-------- GIVEN DATA --------
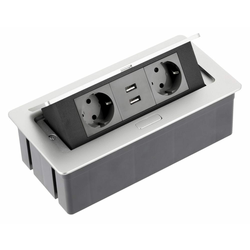 GTV Vgradna vtičnica 2x vtičnica | 2x usb SREBRNA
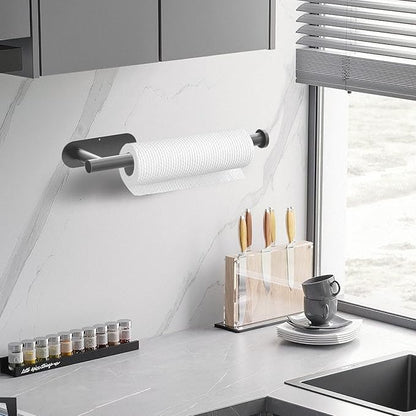 DEKAVA Under Cabinet Wall Mount Paper Towel Holder, Self-Adhesive Bar, Stainless Steel 13 inch (Grey, 1) - Image 3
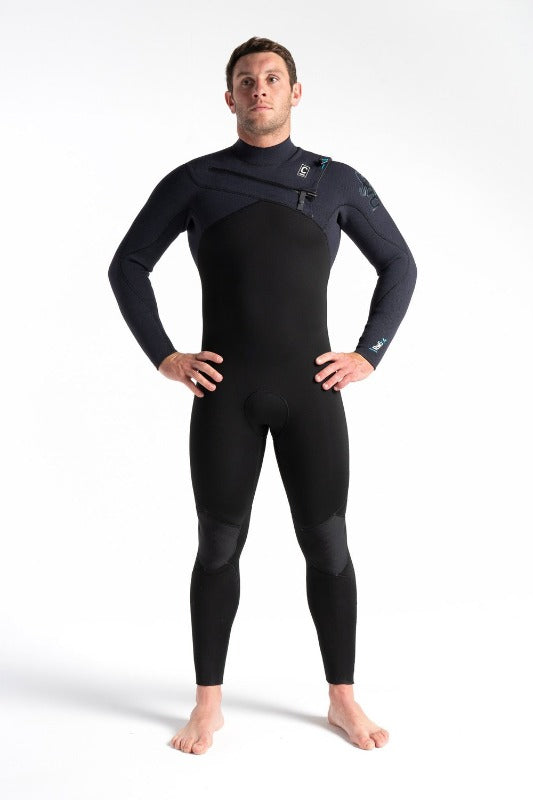C-Skins Mens ReWired 5/4 GBS Chest Zip Wetsuit - Black/Black/Ultra/Cyan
--------
● **AIM OF THE TASK**
Print the material above exactly, skipping its images.

● **RESULT**
 GTV Vgradna vtičnica 2x vtičnica | 2x usb SREBRNA
 DEKAVA Under Cabinet Wall Mount Paper Towel Holder, Self-Adhesive Bar, Stainless Steel 13 inch (Grey, 1) - Image 3
C-Skins Mens ReWired 5/4 GBS Chest Zip Wetsuit - Black/Black/Ultra/Cyan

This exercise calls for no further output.